* [What to produce] Exclude the pictures, then repeat exactly each line from the one containing "1901 Budapest VIII." to the final line of the records that follow.

* [Information supplied]
========
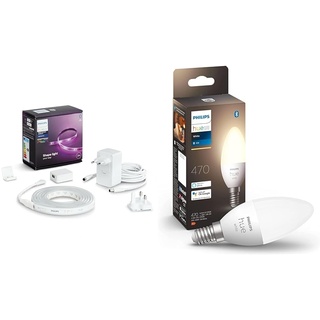 Philips Hue White & Color Ambiance Lightstrip Plus Basis-Set V4 (2 m) & White E14 Kerze Einzelpack 470lm, dimmbar, warmweißes Licht, steuerbar via App, kompatibel mit Amazon Alexa (Echo, Echo Dot)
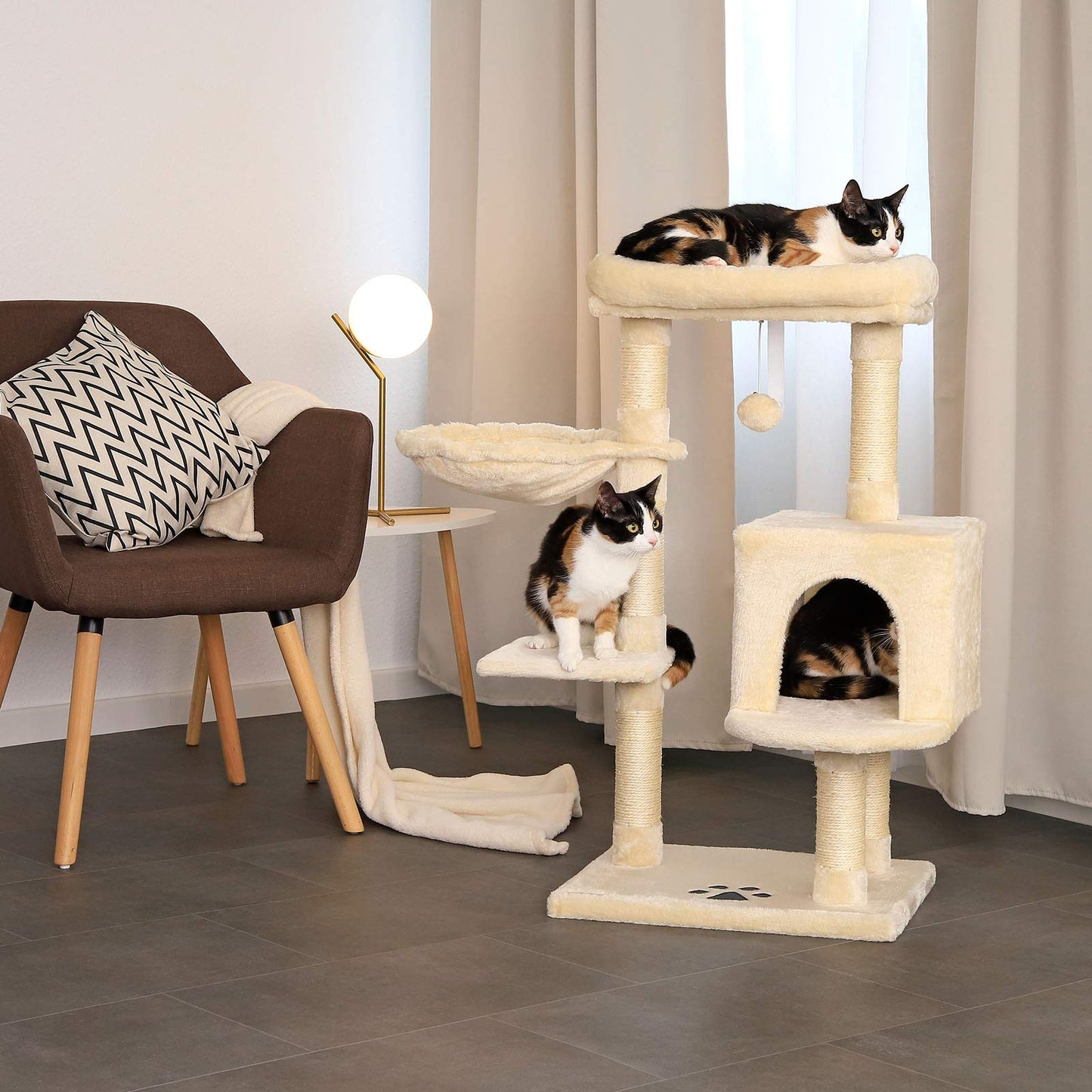 lionto Cat Scratching Post with Plush Ball Including Bell & Wall Bracket, Height 93 cm, Cat Tree with Sisal & Plush, Cosy Lying Surface & Caves,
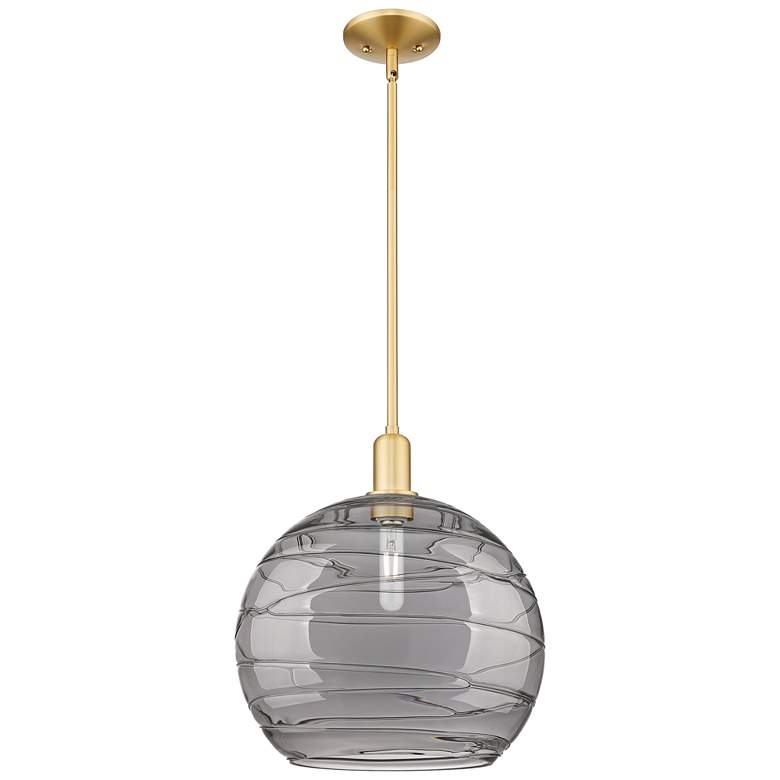 Image 1 Arcadia Athens 14"W Gold Stem Pendant w/ Light Smoke Deco Swirl Shade
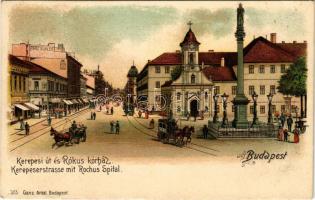 1901 Budapest VIII. Kerepesi út (Rákóczi út), Rókus kórház, lóvasút, pénz előleg. Ganz Antal 303. litho (EK)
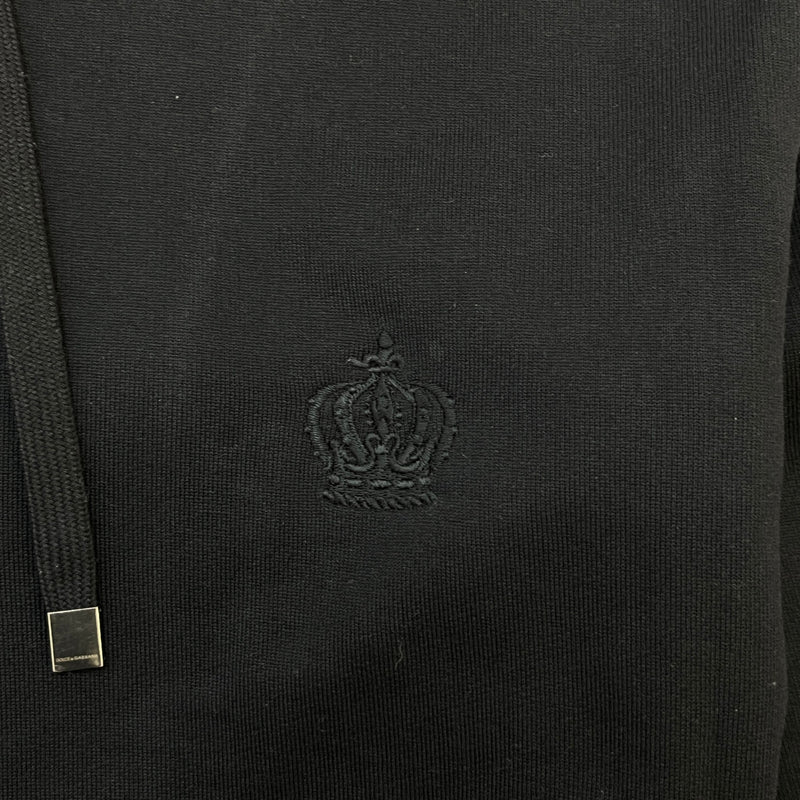 Men's Crown Embroidered Logo Hoodie Black Size IT 48 / UK M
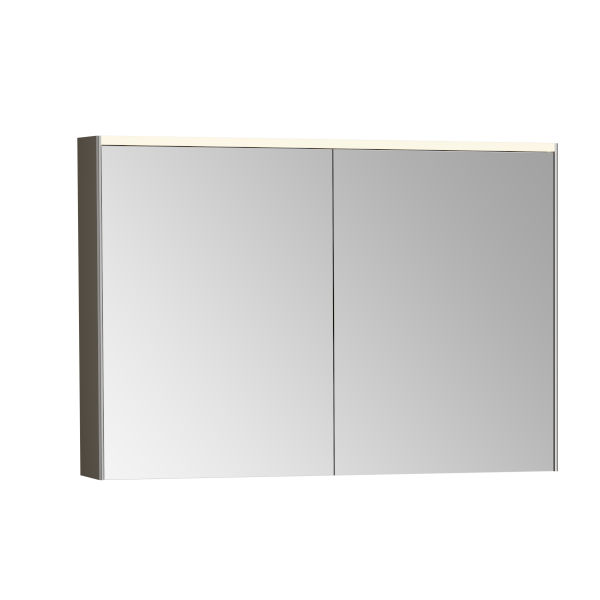 66912 Зеркало-шкаф 100 см с подсветкой и розеткой антрацит VITRA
========
* [Task solution]
 1901 Budapest VIII. Kerepesi út (Rákóczi út), Rókus kórház, lóvasút, pénz előleg. Ganz Antal 303. litho (EK)
 Men's Crown Embroidered Logo Hoodie Black Size IT 48 / UK M
 66912 Зеркало-шкаф 100 см с подсветкой и розеткой антрацит VITRA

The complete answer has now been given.